Quick check of 4 term polynomial factorised

[Taylor_1989]

Could someone quickly go over my working, as I am not 100% sure I have done it the right way. I will show and explain my working step by step.

$$ at^2-4a + 2t^2-8$$

I first grouped the values: $(at^2-4a) + (2t^2-8)$

I then factorised these equations into: $a(t^2-4a) + 2(t^2-4)$

I then regrouped: $(a+2) (t^2-4)$

This is the part I am not sure is right, I the thought to factor more I could change the $4$ to $2^2$ which would give $(t^2-2^2)$ which gave me the difference of two squares; right?

I then got the final answer of: $(a+2)(t-2)(t+2)$.

I would just like to know if this is the right way of doing a equation like this, if not could someone show where I have gone wrong.

 

[Diffy]

Looks good to me.
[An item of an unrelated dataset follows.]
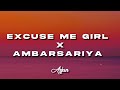 Excuse Me Girl X Ambarsariya Lyrics Arjun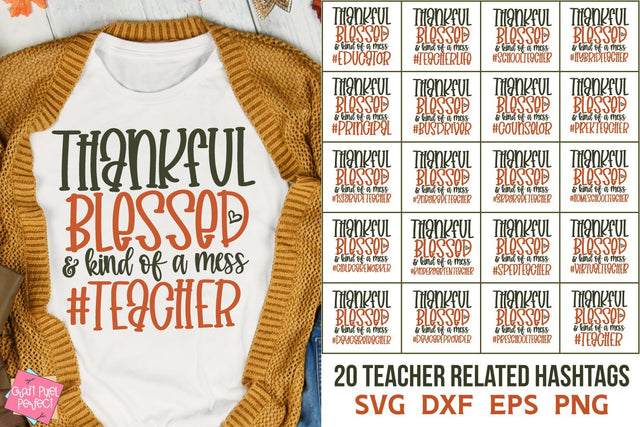 Thankful Blessed And Kind Of A Mess School Bundle SVG Craft Pixel Perfect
You can always multiply out your final answer and see if it comes out to your original equation.

 

[Mark44]

Could someone quickly go over my working, as I am not 100% sure I have done it the right way. I will show and explain my working step by step.

$$ at^2-4a + 2t^2-8$$

I first grouped the values: $(at^2-4a) + (2t^2-8)$

I then factorised these equations into: $a(t^2-4a) + 2(t^2-4)$

You have an error (maybe a typo) above. The first term should be a(t² - 4).

I then regrouped: $(a+2) (t^2-4)$

This is the part I am not sure is right, I the thought to factor more I could change the $4$ to $2^2$ which would give $(t^2-2^2)$ which gave me the difference of two squares; right?

I then got the final answer of: $(a+2)(t-2)(t+2)$.

I would just like to know if this is the right way of doing a equation like this, if not could someone show where I have gone wrong.

 

[Taylor_1989]

Yeah it was a typo, my bad.

 

[CellCoree]

I would suggest double-checking your work and making sure you fully understand the concept of factoring polynomials before relying on someone else's verification. However, based on your explanation, your approach seems correct. You correctly grouped the terms and factored out the common factors. Your next step of changing 4 to 2^2 is also a valid method for factoring the difference of squares. Your final answer of (a+2)(t-2)(t+2) also looks correct.